Contact Allison Boley (aboley@asu.edu) for more details or if you have any questions.
Engineering Coffee Hour
Engineering Coffee meets weekly to discuss engineering solutions to scientific problems of interest to the SESE community as well as build connections between SESE scientists and those outside of SESE and ASU.
Contact Chris Groppi (cgroppi@asu.edu) for more details or if you have any questions.

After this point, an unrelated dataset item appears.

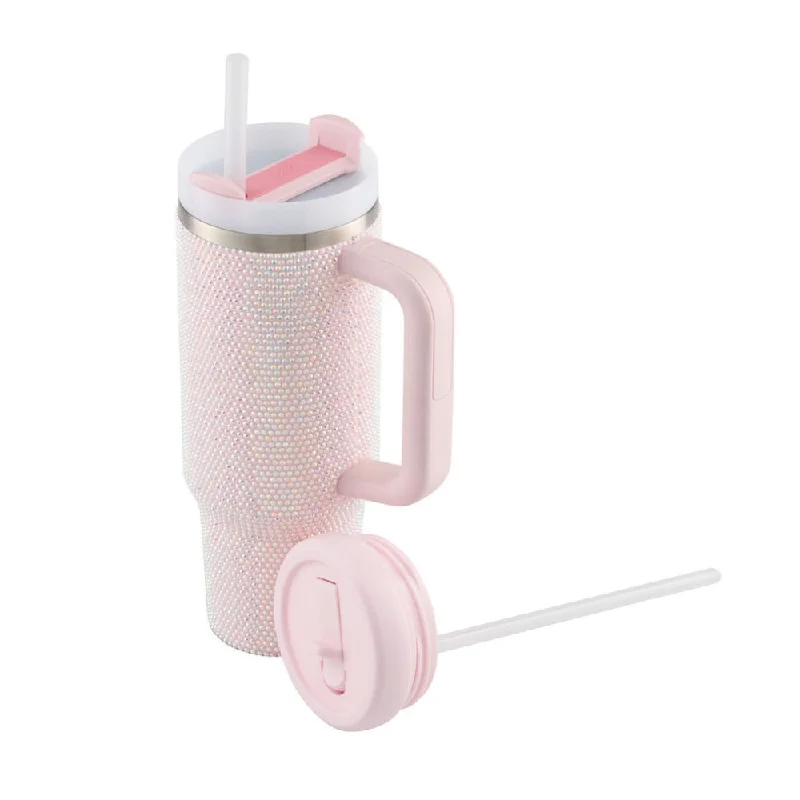 Eco-Conscious Drinkware Avanti HydroQuench Tumbler with 2 Lids - Luxe Pink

SESE Prison Education Program
The Prison Education Program in SESE at Arizona State University aims to provide quality education to incarcerated individuals in Arizona state prisons. Specifically, we teach an Astronomy, Geology, and Planetary science course to inmates at Eyman State Prison in Florence, AZ that is completely designed and taught by graduate students. We are inspired by ASU's Charter which states: "ASU is a comprehensive public research university, measured not by whom we exclude, but rather by whom we include and how they succeed... assuming fundamental responsibility for the economic, social, cultural and overall health of the communities it serves." The SESE Prison Education Program works to create an inclusive environment for people who are traditionally excluded from society in the hopes that education will expand their knowledge base and teach them valuable critical thinking skills to improve integration in society after release.

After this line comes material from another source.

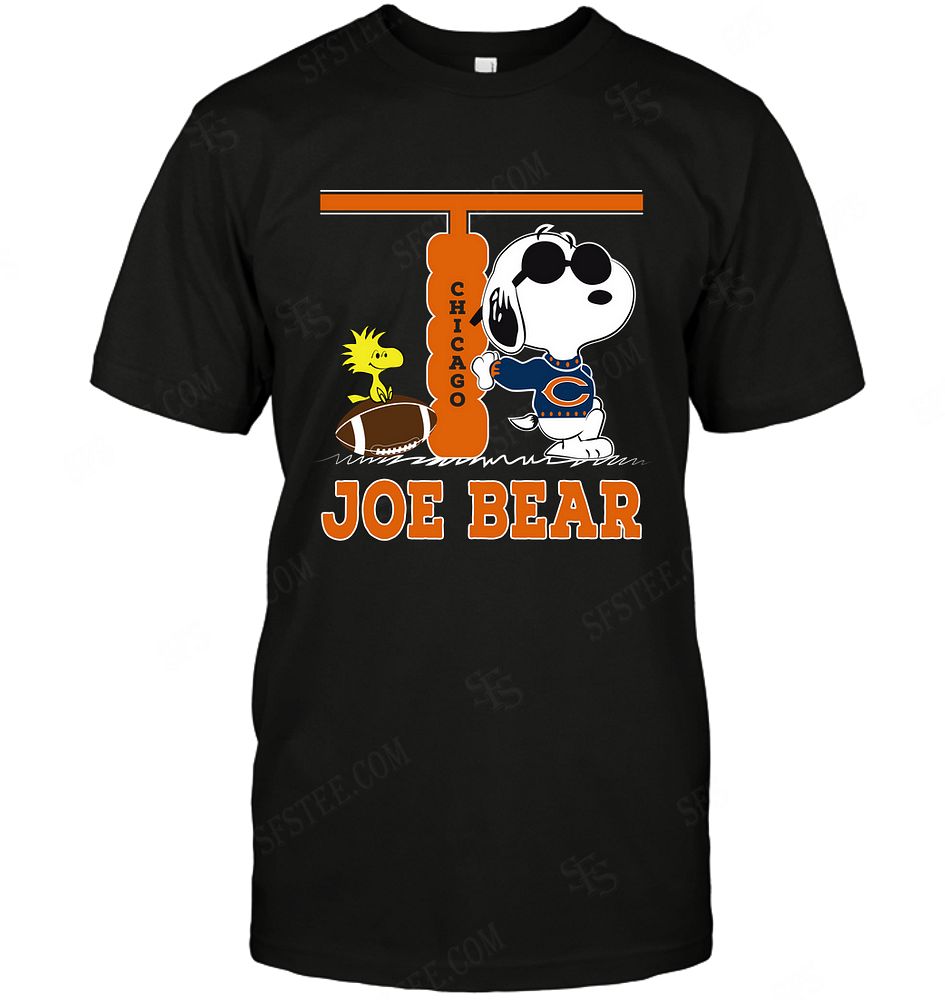 Nfl Chicago Bears Snoopy Dog Shirt Plus Size Up To 5xl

Contact Brendan Chapman (blchapma@asu.edu) for more details or if you have any questions.
United Campus Workers AZ
The UCW-AZ is a union of faculty, staff, and student employees, building collective power to advance academic justice in fulfilling our universities' public missions. The union focuses on building collective power to improve higher education and our working conditions, mobilizing around issues such as stopping unnecessary pay cuts and layoffs, ensuring health and safety, dismantling structural racism and other forms of oppression on campus, as well as protecting public higher education from private and corporate entities.
Contact info@ucwaz.org or vist the UCW-AZ website for more details or if you have any questions
WiSP
The Women in Science Program (WiSP) is an informal organization to support women in Science, Technology, Engineering, and Mathematics (STEM) fields within ASU. It is run by graduate students in the School of Earth and Space Exploration for female-identifying students, postdocs, faculty, and staff. WiSP serves as a support group to help women navigate through the various hurdles they might face over the course of their careers as underrepresented minorities. WiSP members also meet the female and/or the diversity, inclusivity, and equity speaker for the SESE Colloquium Series, for an open forum discussion/Q&A, which is of particular help to early career scientists (i.e., graduate students and postdocs) at ASU. Additionally, we periodically send information on fellowship/research grant opportunities that are specifically targeted at women and other underrepresented minorities.
Contact Stephanie Sparks (sparks9@asu.edu) or wisp.asu@gmail.com, for more details or if you have any questions.
Why Should You Care Science
WSYCS is an Instagram STEAM channel where grad students and post-docs talk about science in plainspeak. Their goal is to make science more accessible and understandable to a broad community while creating engaging visual content and citing peer-reviewed literature.
Contact Kevin Trinh (kttrinh1@asu.edu) for more details or if you have any questions.
Meteorite Cookie Hour
The Buseck Center for Meteorite Studies puts on a Cookie Hour on Tuesdays and Wednesdays. This event has cookies, coffee and tea available for those interested in discussing meteorites.
Contact Janessa Roy (Janessa.Roy@asu.edu) for more details or if you have any questions.
ASU GPSA
The graduate student government for Arizona State University. GPSA provides services and resources that facilitate and empower student success in all aspects of academic life, and advocates for students not only on a university level but also in all levels of government.